## Your task
The task calls for the lines below from the line with "Alfa Romeo Mito ecoAG1305 right rear light" to the line with "3 Zimmer Wohnung mit 72 m² in Bonn – Bild 4", both ends included, copied exactly, without any pictures.

(Collected data entries)
-------------------------

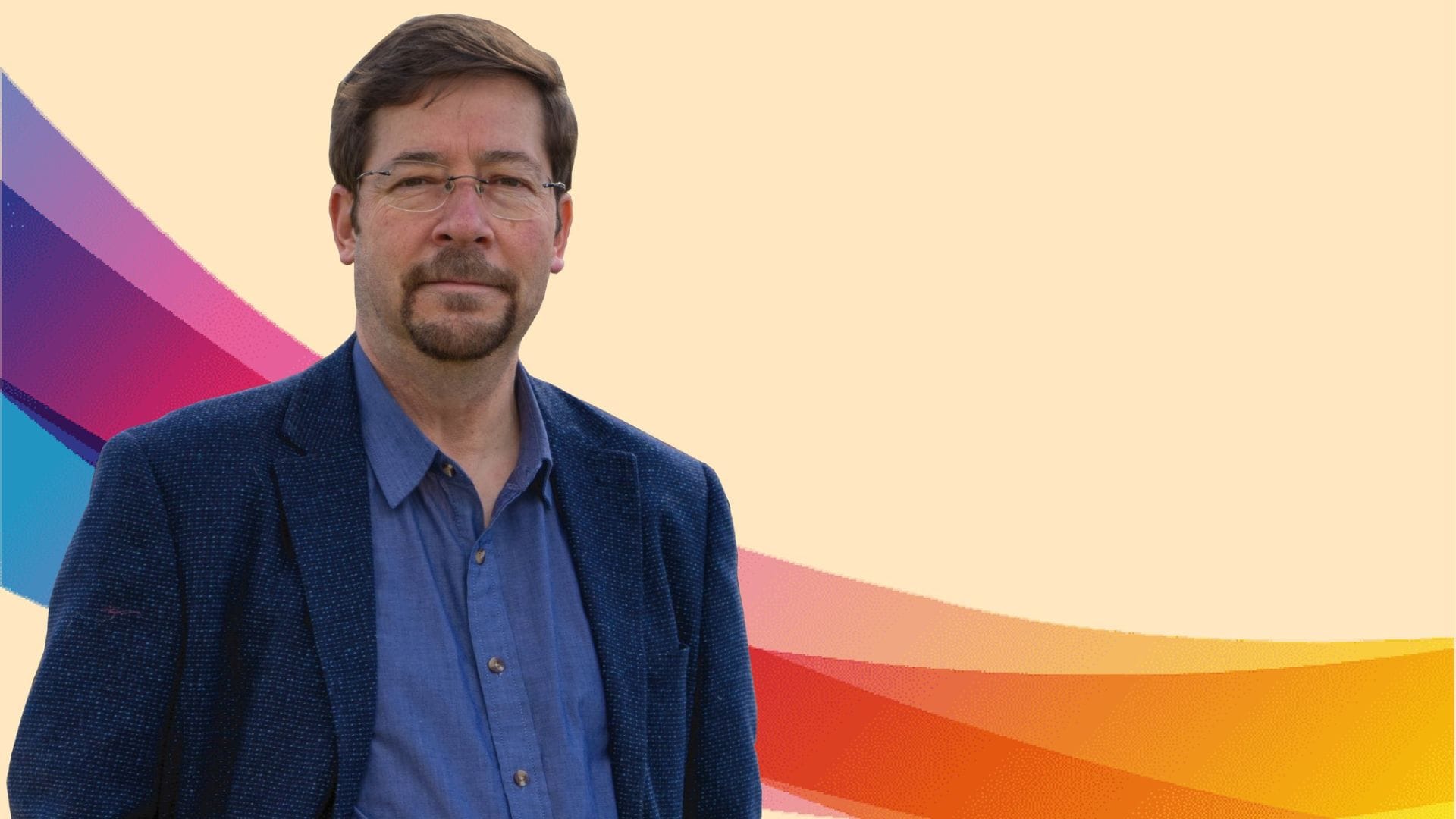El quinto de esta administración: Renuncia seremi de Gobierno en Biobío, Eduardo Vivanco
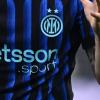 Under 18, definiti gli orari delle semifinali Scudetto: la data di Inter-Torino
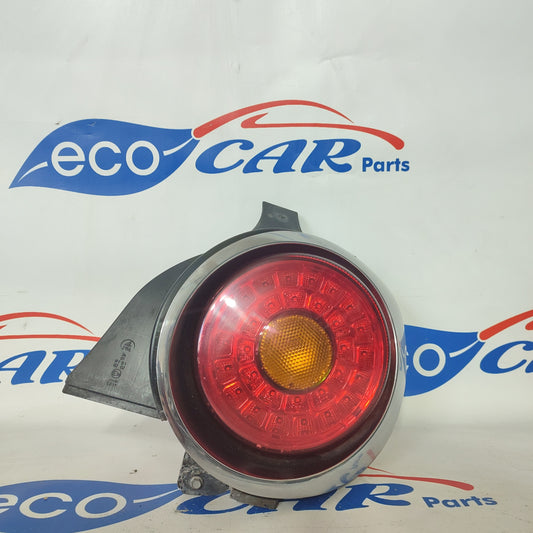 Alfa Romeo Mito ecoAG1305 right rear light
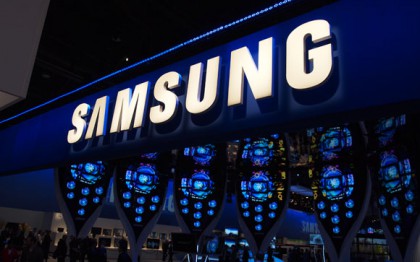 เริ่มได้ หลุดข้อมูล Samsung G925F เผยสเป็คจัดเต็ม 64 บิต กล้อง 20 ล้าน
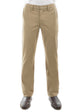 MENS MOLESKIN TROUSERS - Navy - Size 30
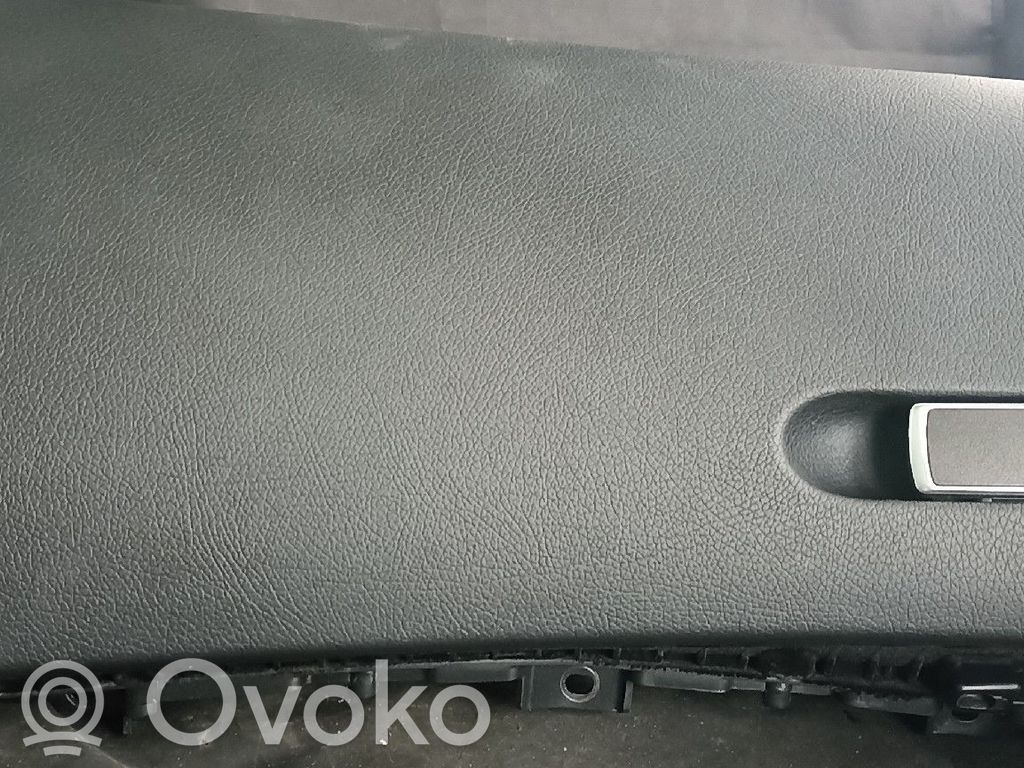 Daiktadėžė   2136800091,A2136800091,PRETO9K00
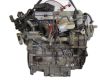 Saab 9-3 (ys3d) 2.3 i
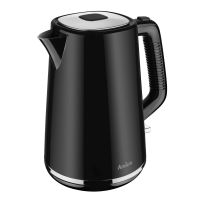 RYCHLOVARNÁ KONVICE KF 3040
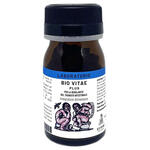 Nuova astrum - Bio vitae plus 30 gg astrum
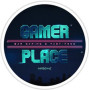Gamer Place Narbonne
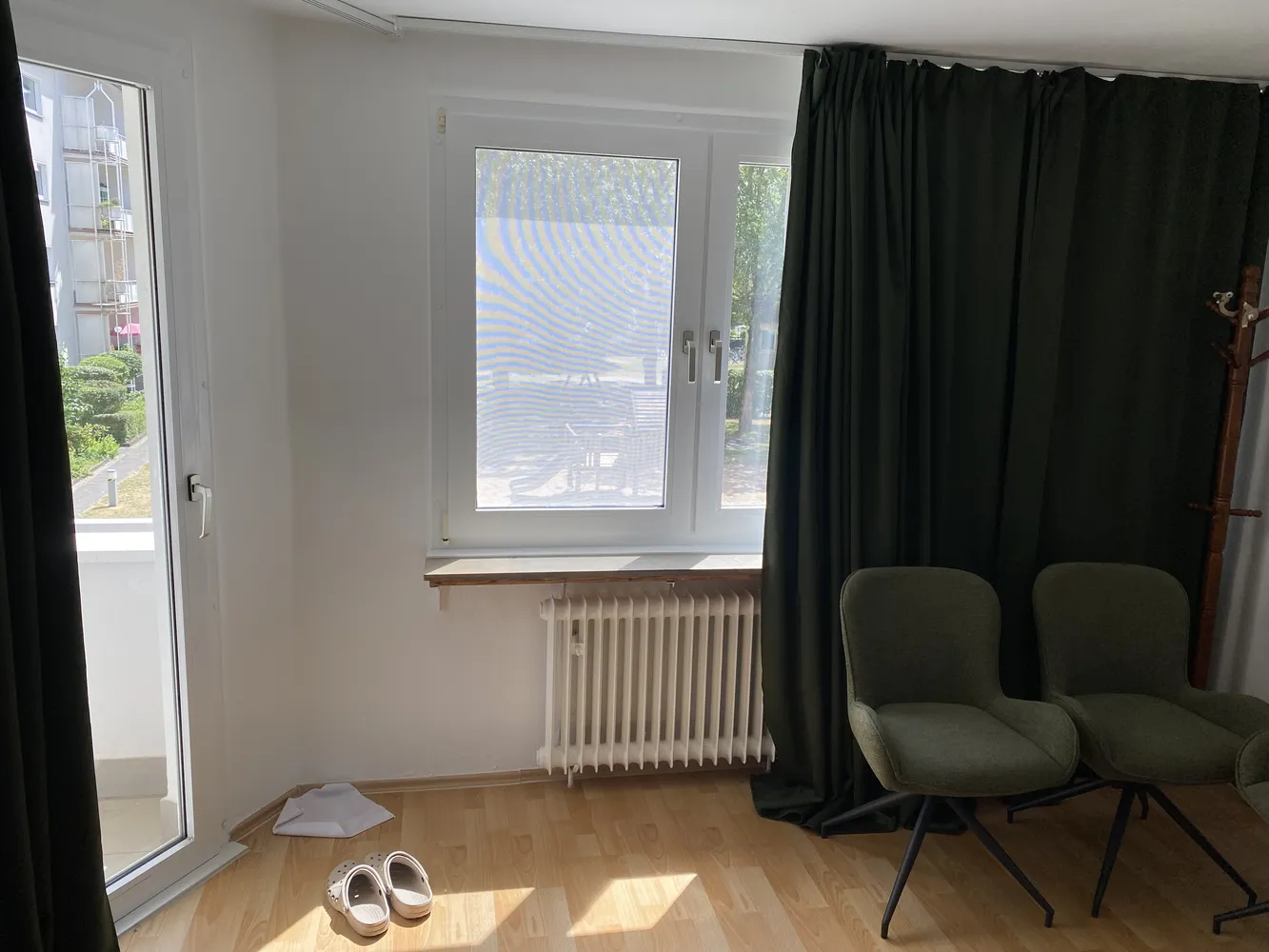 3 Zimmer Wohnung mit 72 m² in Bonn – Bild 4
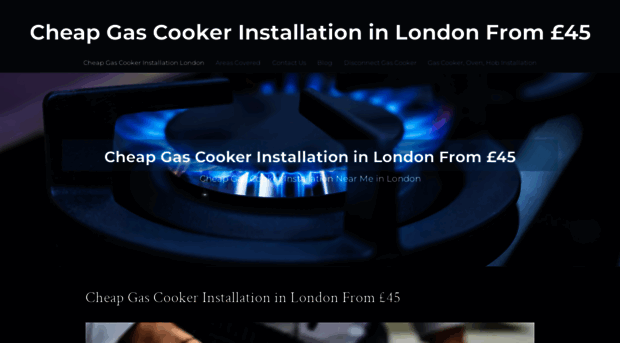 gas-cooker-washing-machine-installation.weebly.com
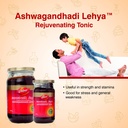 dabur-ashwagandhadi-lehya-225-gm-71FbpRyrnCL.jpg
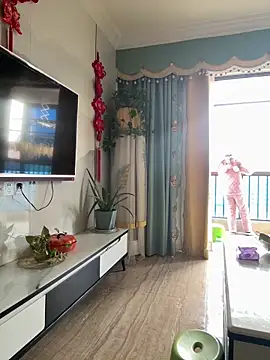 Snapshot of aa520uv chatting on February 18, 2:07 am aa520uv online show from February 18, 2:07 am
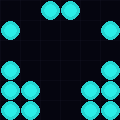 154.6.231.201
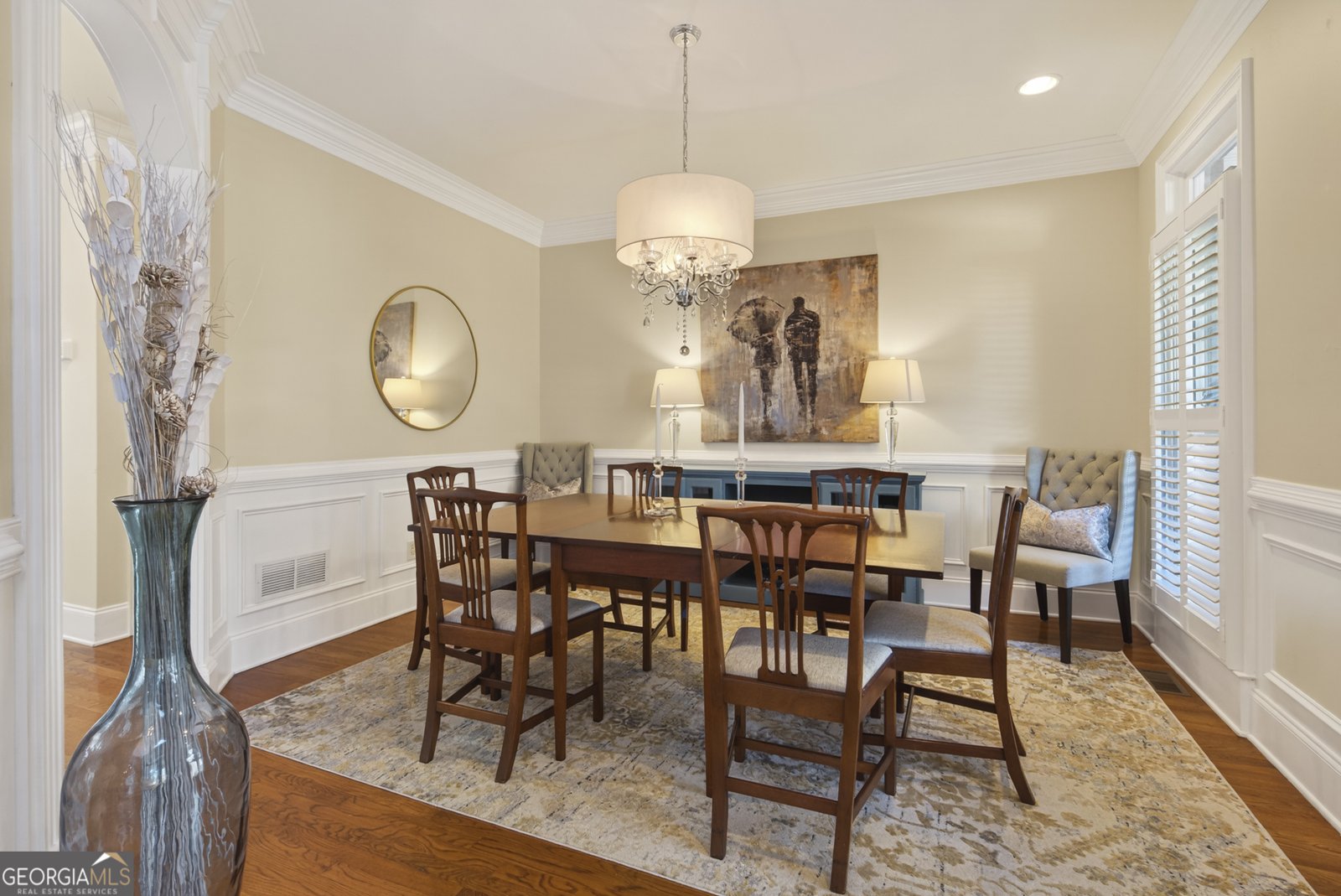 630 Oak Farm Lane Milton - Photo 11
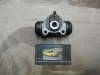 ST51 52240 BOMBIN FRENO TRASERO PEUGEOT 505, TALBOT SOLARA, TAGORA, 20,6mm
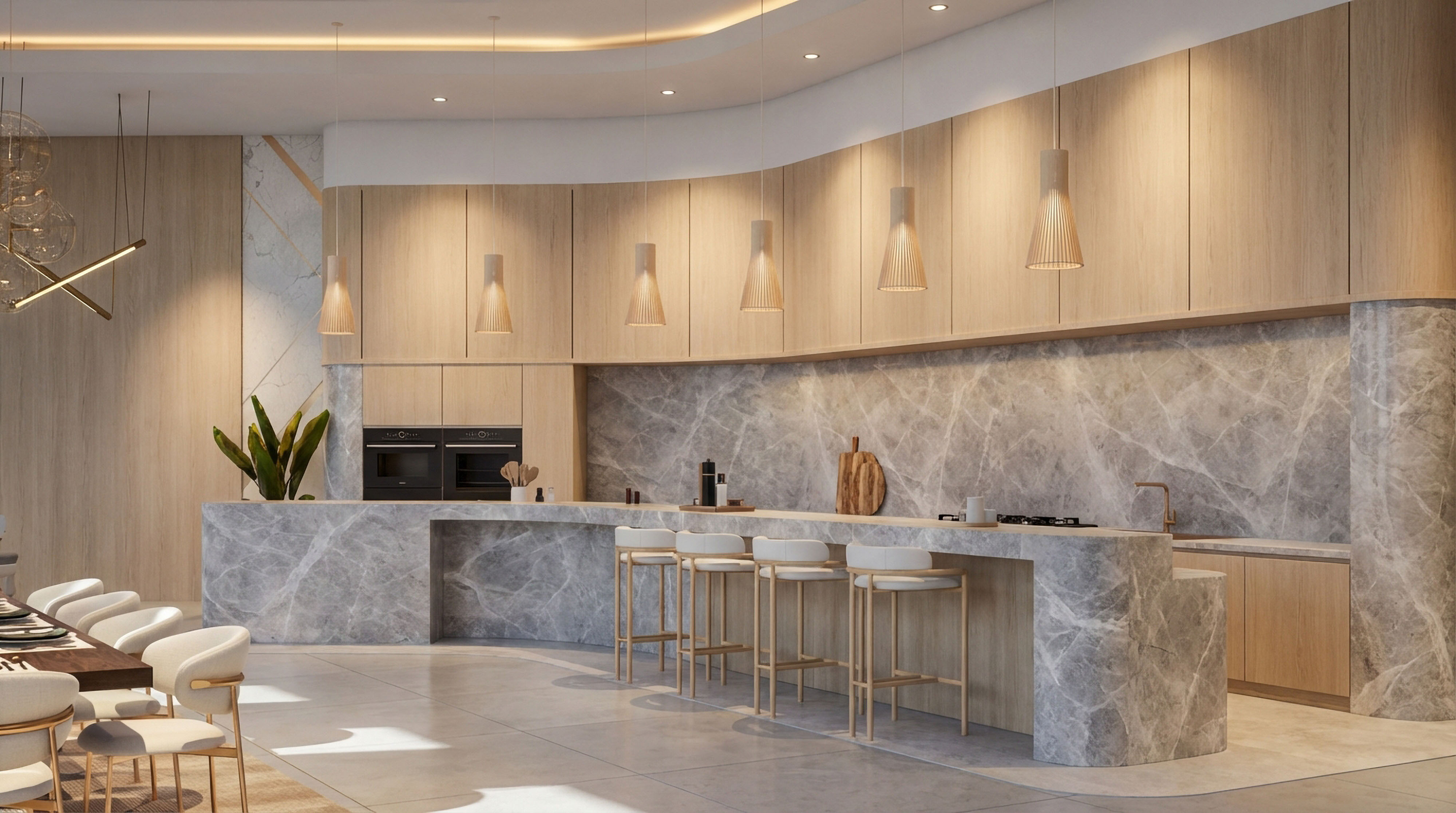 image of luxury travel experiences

-------------------------

## Written response
 Alfa Romeo Mito ecoAG1305 right rear light
 เริ่มได้ หลุดข้อมูล Samsung G925F เผยสเป็คจัดเต็ม 64 บิต กล้อง 20 ล้าน
 MENS MOLESKIN TROUSERS - Navy - Size 30
 Daiktadėžė   2136800091,A2136800091,PRETO9K00
 Saab 9-3 (ys3d) 2.3 i
 RYCHLOVARNÁ KONVICE KF 3040
 Nuova astrum - Bio vitae plus 30 gg astrum
Gamer Place Narbonne
 3 Zimmer Wohnung mit 72 m² in Bonn – Bild 4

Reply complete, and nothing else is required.